How does the feedback work in an inverting op amp amplifier?

[crutschow]

View attachment 90929
Can someone give me a hint about why the output voltage is less than the input in the right circuit? Where should I start to analyze it? The input is a sine wave with a magnitude of 1 volt and frequency 100Hz.

Both your circuits have the capacitor directly on the output, so the response depends upon whatever the amp's output impedance is.
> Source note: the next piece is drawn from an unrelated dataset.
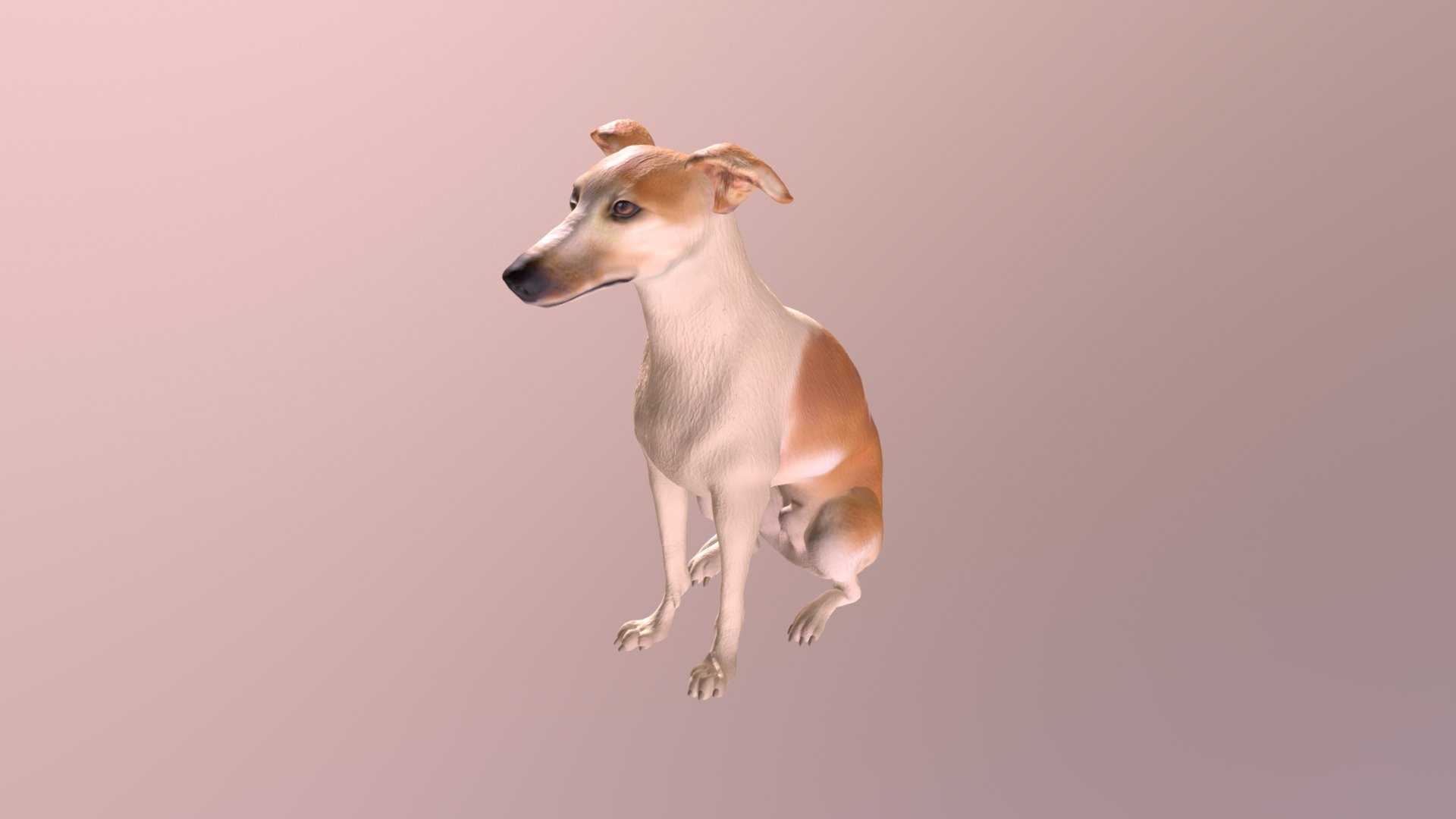 1807012- Jake- Lurcher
That's not a normal or proper way to connect the capacitor so there's no good reason to try to analyze those circuits.
That's why my circuit has a resistor between the output and the capacitor (on second look I realize that R1 is not needed).
The feedback circuit is a simple LP filter that rolls off the AC feedback above its corner frequency (in this case the RC time-constant is 100F * 1kΩ = 100ks for a corner frequency of 1.59 microHz).
(I realize that 100F is not a practical capacitance but the simulator doesn't know that).
This means there is no significant AC feedback down to a below 1Hz , thus the output is the open loop AC response.

 

[Heidi]

Both your circuits have the capacitor directly on the output, so the response depends upon whatever the amp's output impedance is. That's not a normal or proper way to connect the capacitor so there's no good reason to try to analyze those circuits.
That's why my circuit has a resistor between the output and the capacitor (on second look I realize that R1 is not needed).
The feedback circuit is a simple LP filter that rolls off the AC feedback above its corner frequency (in this case the RC time-constant is 100F * 1kΩ = 100ks for a corner frequency of 1.59 microHz).
(I realize that 100F is not a practical capacitance but the simulator doesn't know that).
This means there is no significant AC feedback down to a below 1Hz , thus the output is the open loop AC response.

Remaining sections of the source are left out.